After the original series ended in 1957, Tillstrom continued to search for a place for the Kuklapolitans, doing a daily five-minute show for NBC, and even appearing on Broadway. Tillstrom and his puppets returned to NBC television without Allison in the early 1960s for Burr Tillstrom's Kukla and Ollie show that aired weekdays. In 1967, KFO began hosting CBS Children's Film Festival. In this context, their conversations were restricted to a brief introduction, commercial segues and a summary of the film, and could only provide a hint of what had made KFO so popular.

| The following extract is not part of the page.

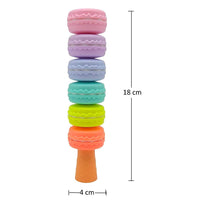 6 Color Macaron Shape Highlighter Pens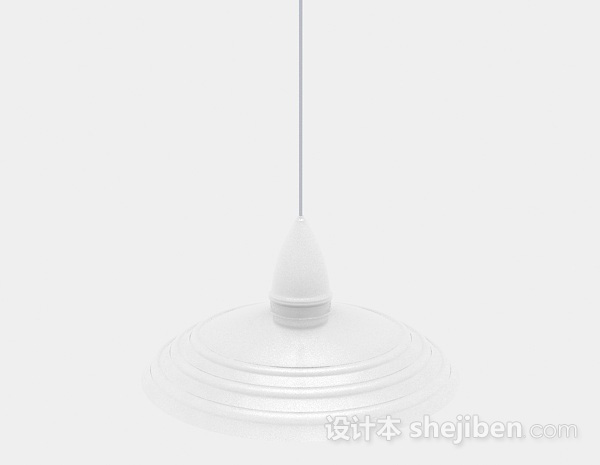 设计本现代白色金属吊灯3d模型下载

Many people know the troupe only from this filmed show and their later taped series for NET in 1970. Burr also brought the troupe to the Goodman Theatre in Chicago for a series of live performances in the early 1980s.

KFO can claim a number of television firsts, including the first ship-to-shore telecast. The first publicly announced network broadcast of a program using the NTSC "compatible color" system was an episode of Kukla, Fran and Ollie on August 30, 1953. Burr was inducted into the Television Academy Hall of Fame in 1986 for his many contributions to the medium. Tillstrom influenced and mentored many later puppeteers, including Shari Lewis and Jim Henson.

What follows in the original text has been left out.